Patologia inflamatória e infecciosa do tubo
digestivo e vias biliares
Caso 1
Homem de 40 anos com história de dor abdominal recorrente. Foi submetido a uma endoscopia digestiva alta com colheita de biópsia gástrica.
- A Fig. 1 ilustra o aspecto histológico do fragmento de mucosa gástrica recolhido durante a endoscopia. Descreva os aspectos que observa.

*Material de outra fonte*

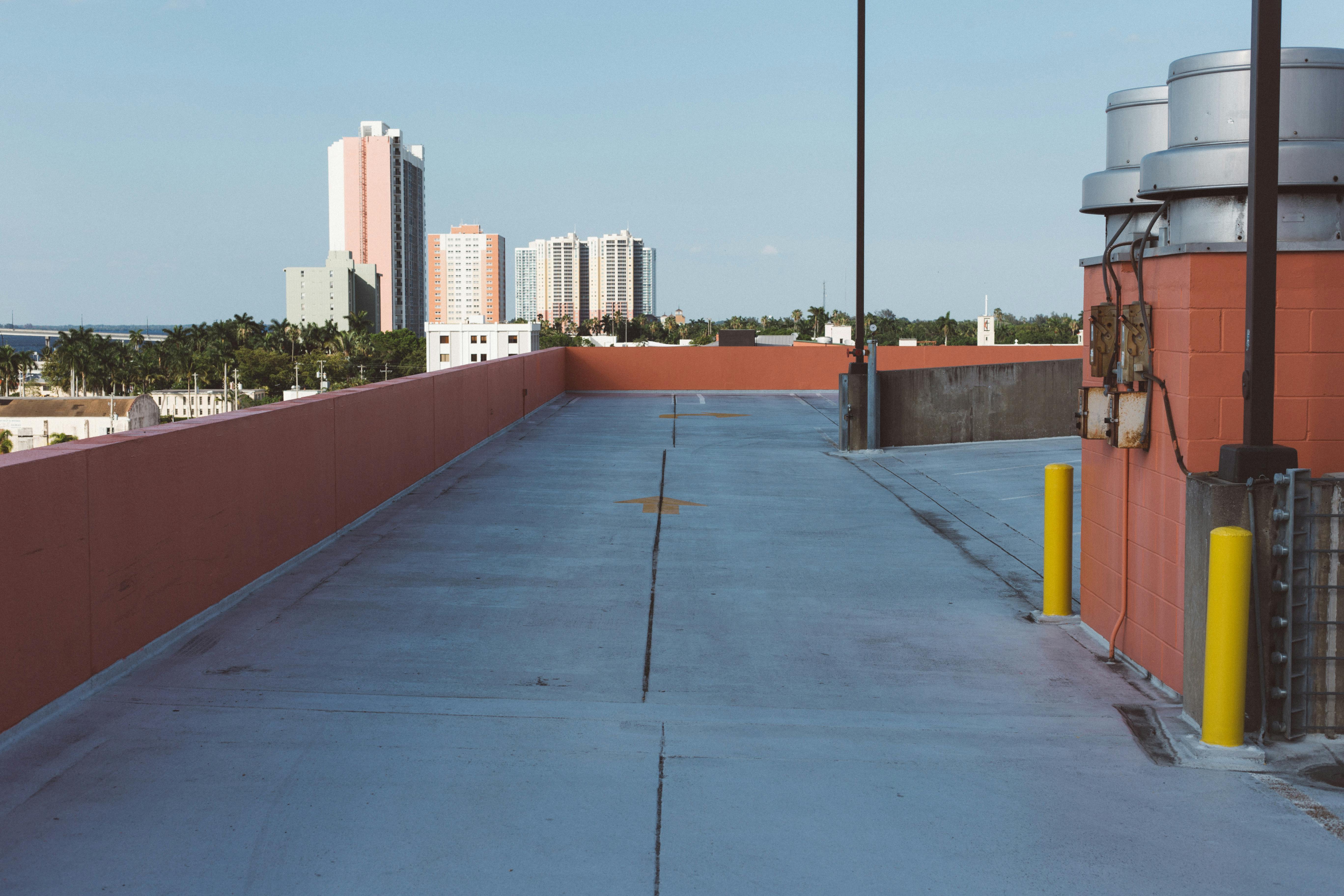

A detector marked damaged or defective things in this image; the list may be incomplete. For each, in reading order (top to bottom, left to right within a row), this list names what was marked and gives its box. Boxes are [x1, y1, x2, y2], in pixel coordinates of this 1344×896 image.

Mucosa de tipo gástrico com epitélio foveolar típico observam-se células colunares, com muco no pólo apical, típicas da mucosa gástrica.
Não se observa metaplasia intestinal (porque não se vêem células caliciformes).
A mucosa apresenta, no entanto, a superfície mais irregular do que o normal, evidenciando alguma displasia (epitélio com alterações).
Alterações:
• Inflamação (gastrite) com infiltrado do córion constituído por linfócitos e plasmócitos (crónica). Em algumas glândulas vêem-se ainda neutrófilos intra-epiteliais (sinais de actividade).
- Como classifica a lesão?
Gastrite Crónica com sinais de actividade (por presença de PMNs).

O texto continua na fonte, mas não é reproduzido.